- **Problem statement**:
The reply is to be the lines from the one with "Guerlinade Guerlain perfume" through the last line of the records below, each retyped exactly, with pictures left out.
*** Begin section ***
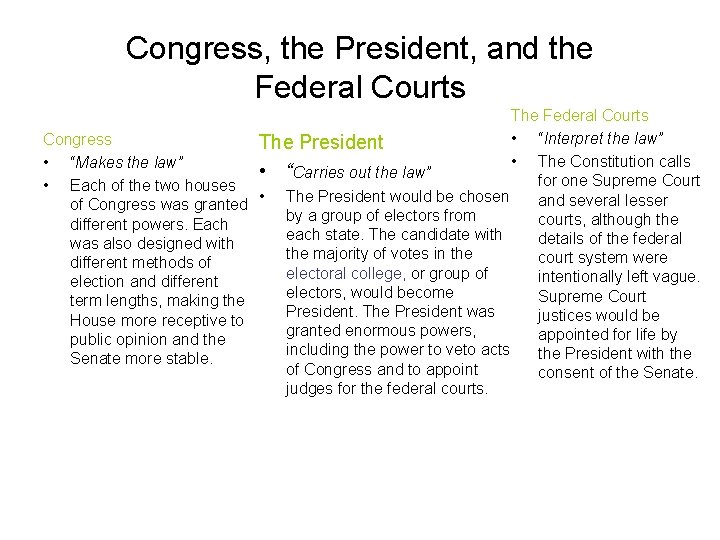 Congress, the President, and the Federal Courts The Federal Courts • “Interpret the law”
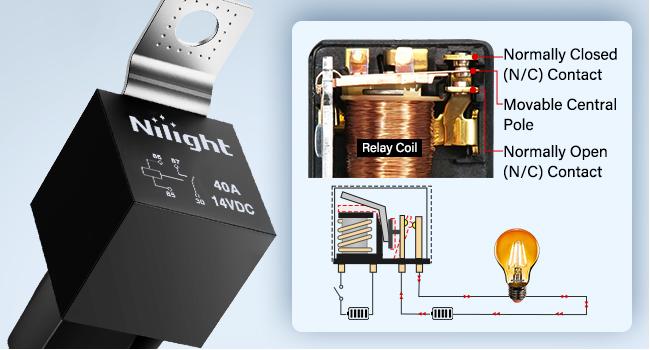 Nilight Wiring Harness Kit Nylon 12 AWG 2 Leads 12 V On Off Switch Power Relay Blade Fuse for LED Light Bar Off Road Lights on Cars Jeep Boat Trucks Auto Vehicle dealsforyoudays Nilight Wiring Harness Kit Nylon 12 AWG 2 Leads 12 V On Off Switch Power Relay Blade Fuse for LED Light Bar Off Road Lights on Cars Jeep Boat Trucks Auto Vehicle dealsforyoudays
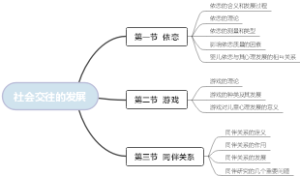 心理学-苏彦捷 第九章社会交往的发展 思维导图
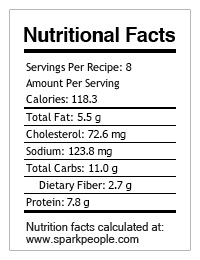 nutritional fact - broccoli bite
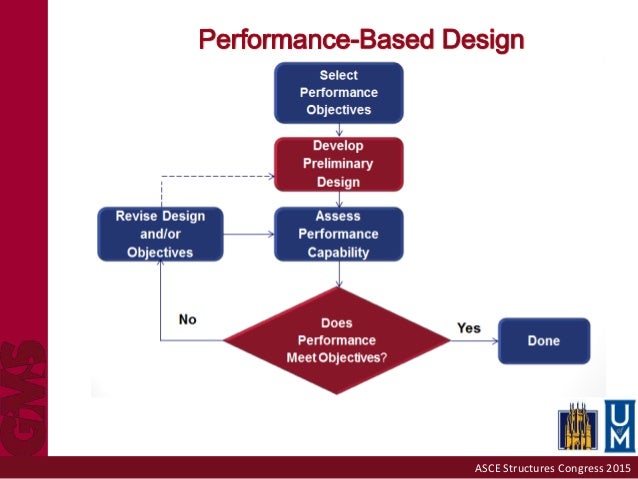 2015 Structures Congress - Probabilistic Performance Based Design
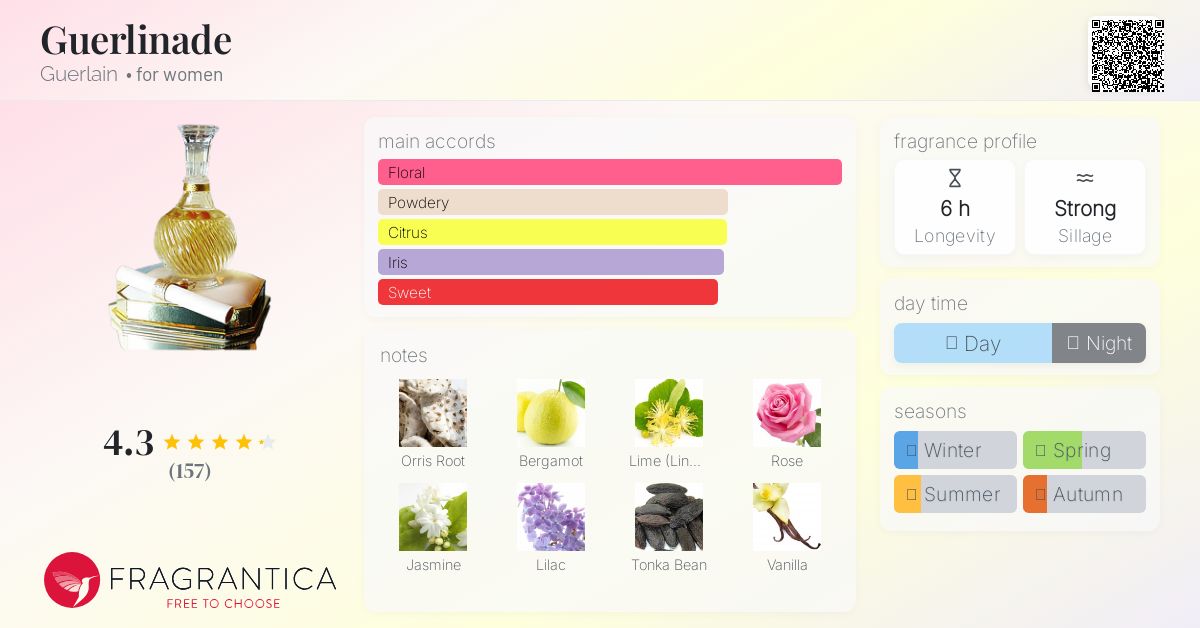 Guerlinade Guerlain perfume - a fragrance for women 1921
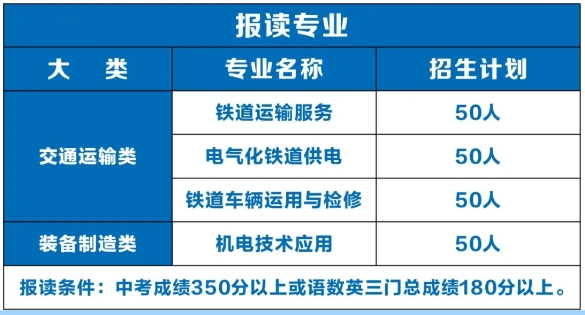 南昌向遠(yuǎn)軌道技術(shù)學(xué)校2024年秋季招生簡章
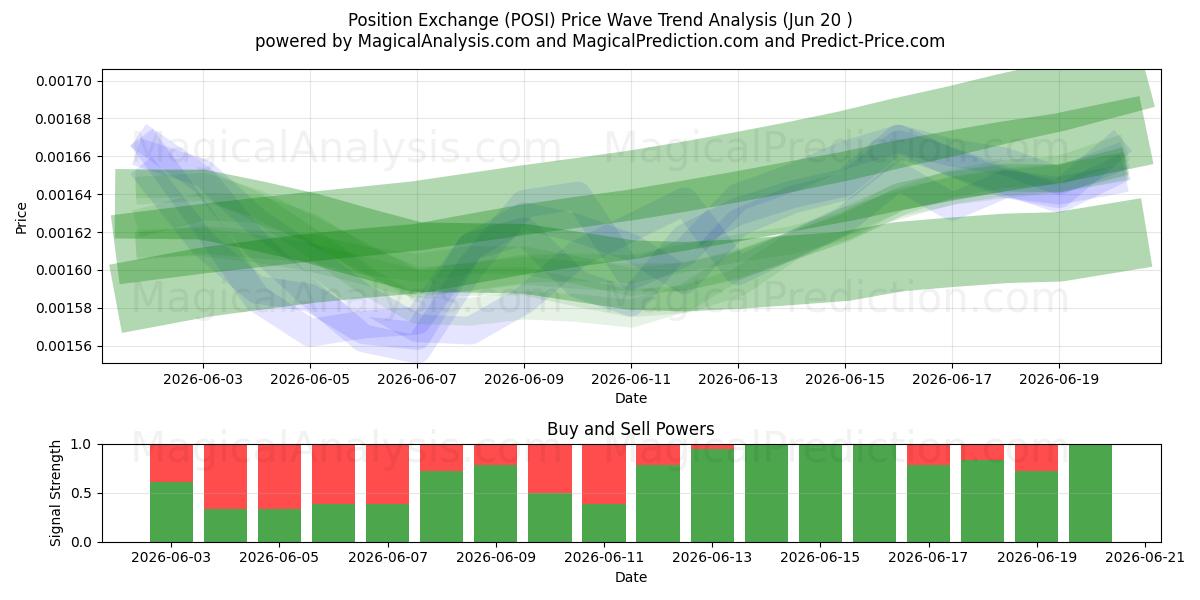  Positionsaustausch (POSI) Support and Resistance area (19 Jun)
*** End section ***
- **Response**:
 Guerlinade Guerlain perfume - a fragrance for women 1921
 南昌向遠(yuǎn)軌道技術(shù)學(xué)校2024年秋季招生簡章
  Positionsaustausch (POSI) Support and Resistance area (19 Jun)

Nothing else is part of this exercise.